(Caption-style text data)
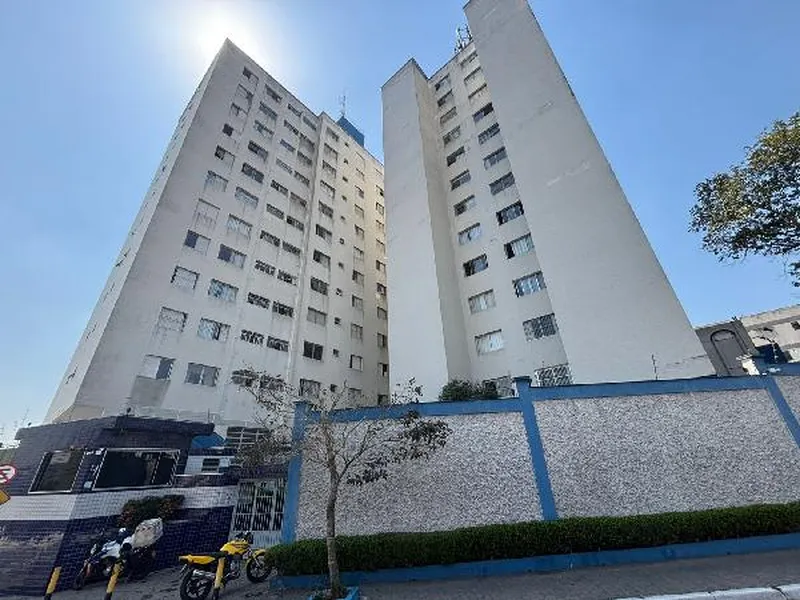 Apartamento em Licitação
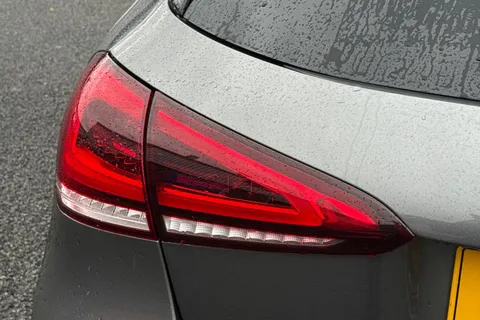 MA22FFZ Mercedes-Benz A Class 1.3 A180 AMG Line Edition (Executive) 7G-DCT Euro 6 (s/s) 5dr Thumbnail #36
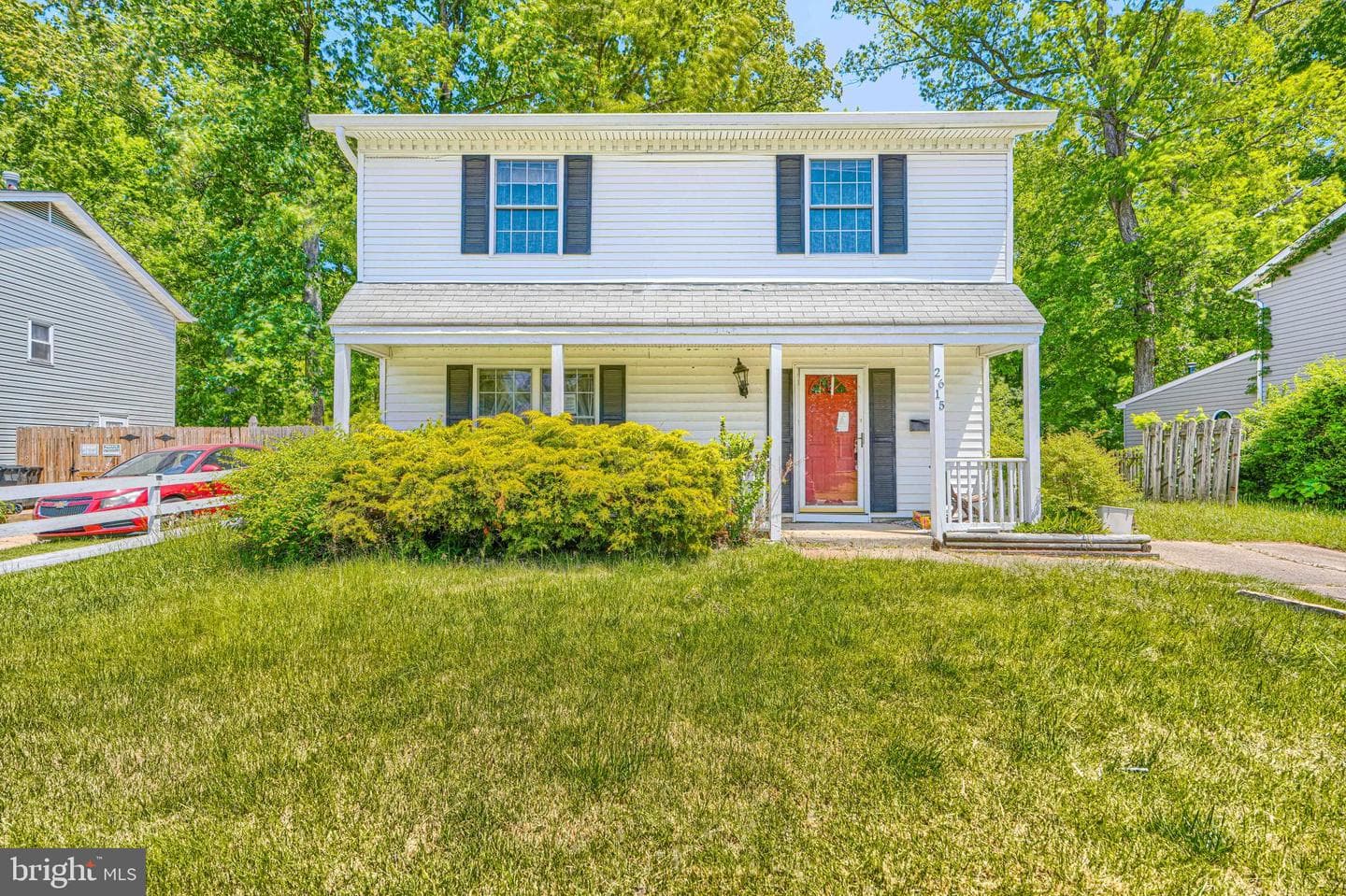 2615 Thornberry Drive, Edgewood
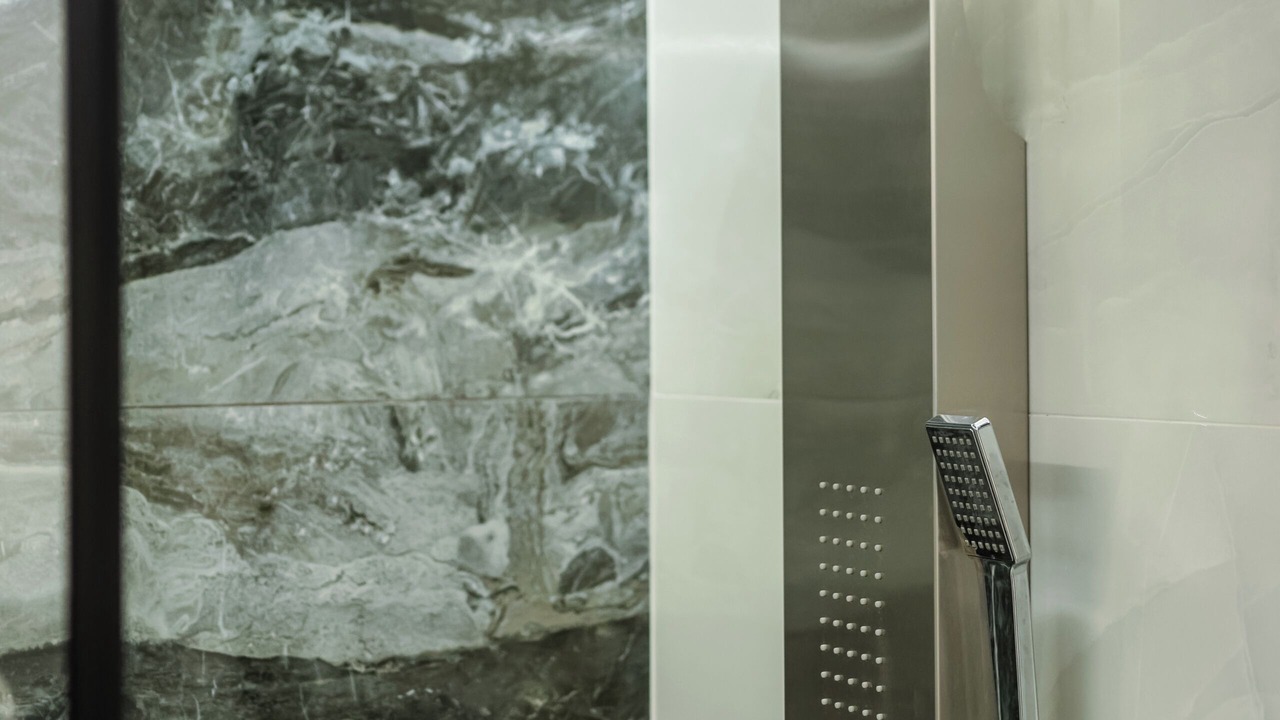 Photo of Bathroom in Kypseli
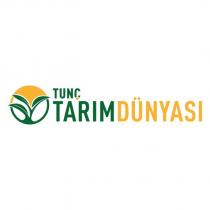 tunç tarım dünyası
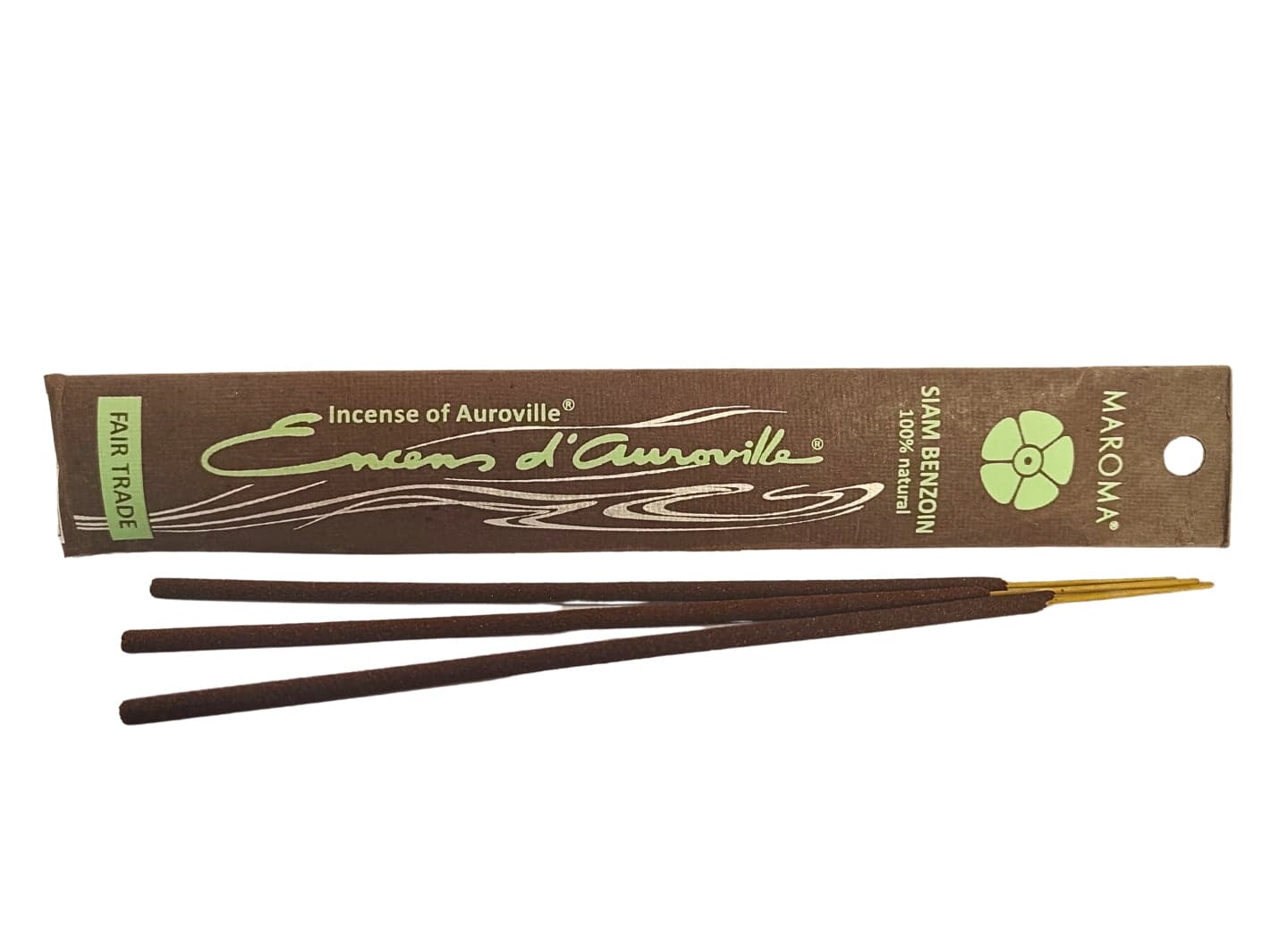 Siam Benzoe Räucherstäbchen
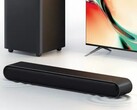 The TCL S64 soundbar range includes the 2.1ch S642W model. (Image source: TCL)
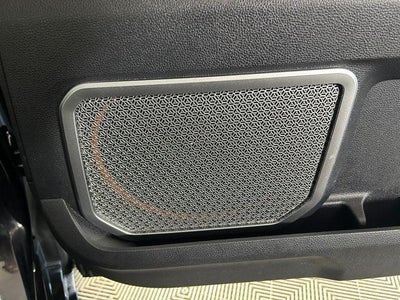 2023 Toyota Tundra Hybrid Capstone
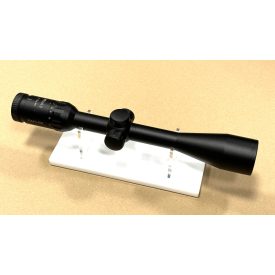 Kahles Helia3 céltávcső 4-12x44i 4DOT szálkresztel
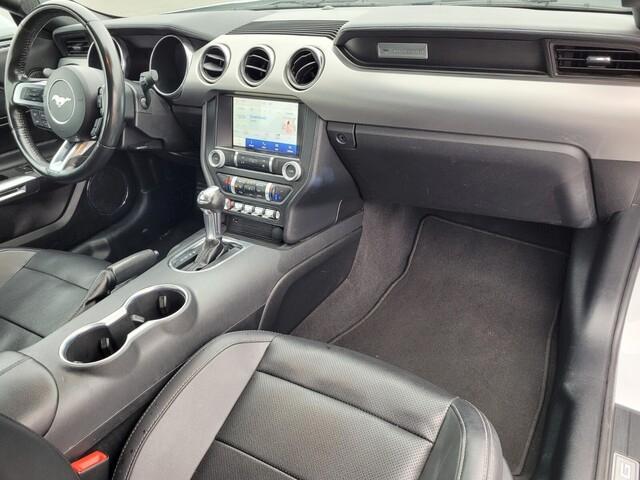 used 2023 Ford Mustang car, priced at $20,900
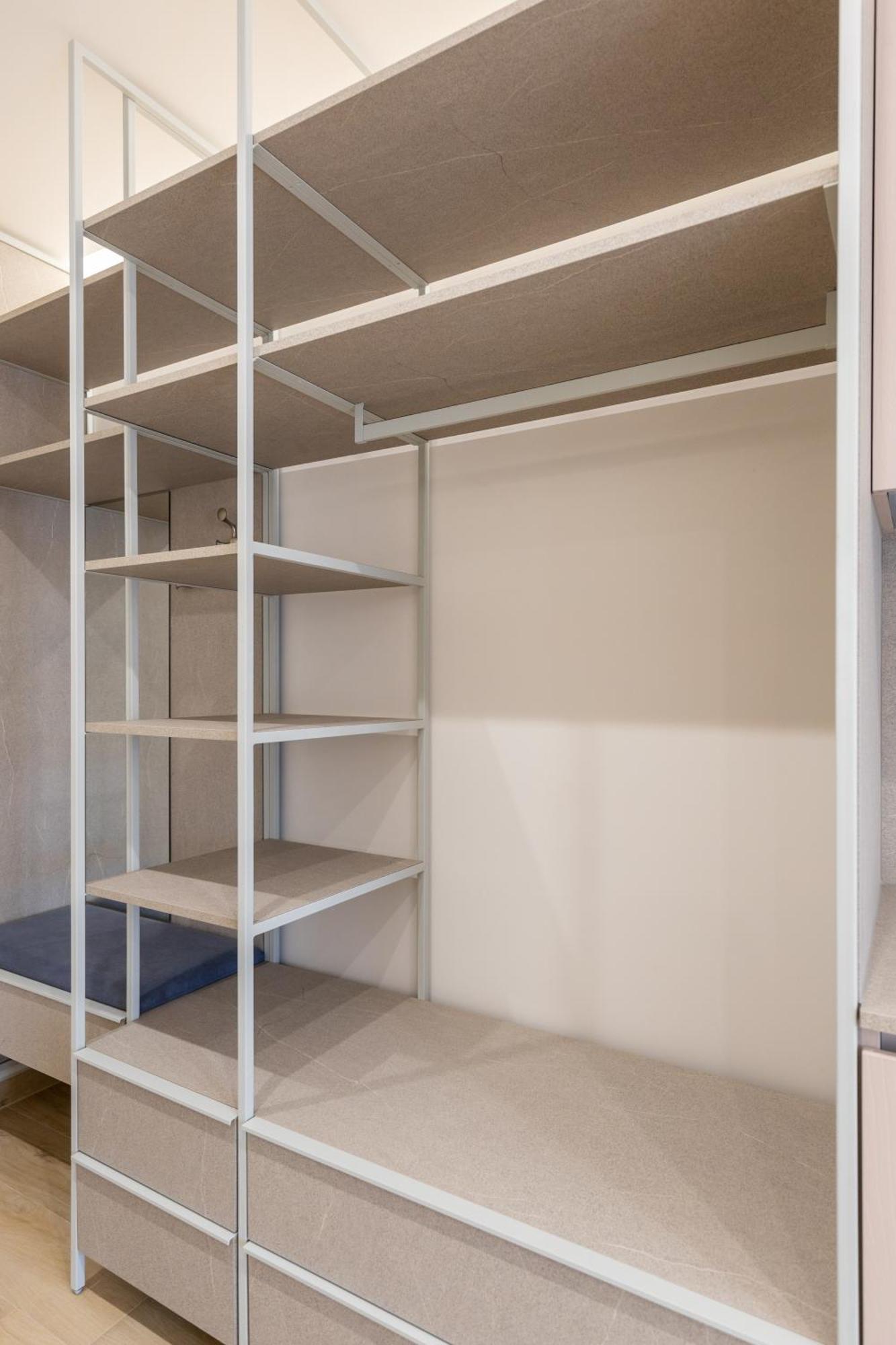 Ener Appart hôtel Tirana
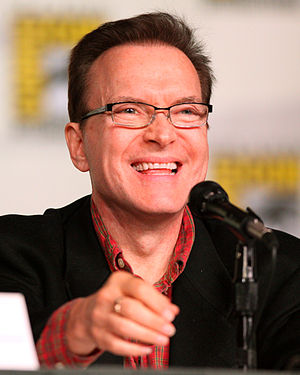 Billy West Profile Picture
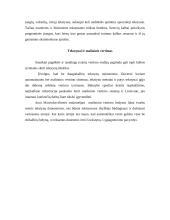 Tekstynų vaidmuo ir galimybės KV technologijų vystyme 7 puslapis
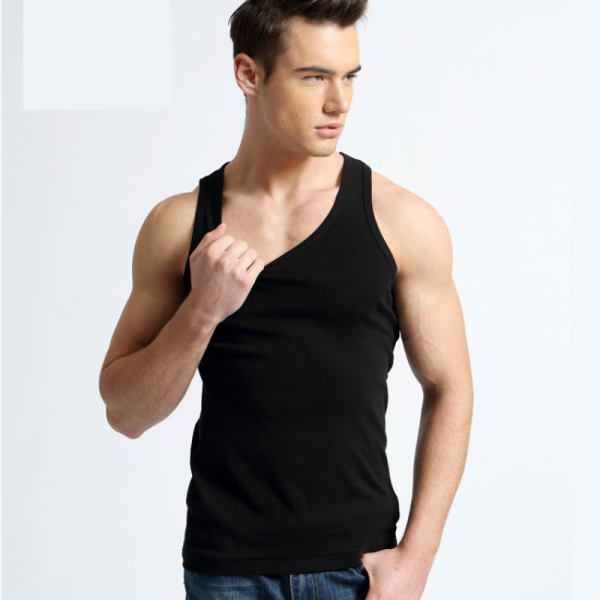 Áo Ba Lỗ Thể Thao Nam Kangji Bird Cotton 100% Mùa Hè – Năng Động, Hoang Dã - Hình ảnh 8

*Try it:* Every line above gets copied exactly; none of the pictures do.

*Reply:*
 Apartamento em Licitação
 MA22FFZ Mercedes-Benz A Class 1.3 A180 AMG Line Edition (Executive) 7G-DCT Euro 6 (s/s) 5dr Thumbnail #36
 2615 Thornberry Drive, Edgewood
 Photo of Bathroom in Kypseli
 tunç tarım dünyası
 Siam Benzoe Räucherstäbchen
 The TCL S64 soundbar range includes the 2.1ch S642W model. (Image source: TCL)
 2023 Toyota Tundra Hybrid Capstone
 Kahles Helia3 céltávcső 4-12x44i 4DOT szálkresztel
 used 2023 Ford Mustang car, priced at $20,900
 Ener Appart hôtel Tirana
 Billy West Profile Picture
 Tekstynų vaidmuo ir galimybės KV technologijų vystyme 7 puslapis
 Áo Ba Lỗ Thể Thao Nam Kangji Bird Cotton 100% Mùa Hè – Năng Động, Hoang Dã - Hình ảnh 8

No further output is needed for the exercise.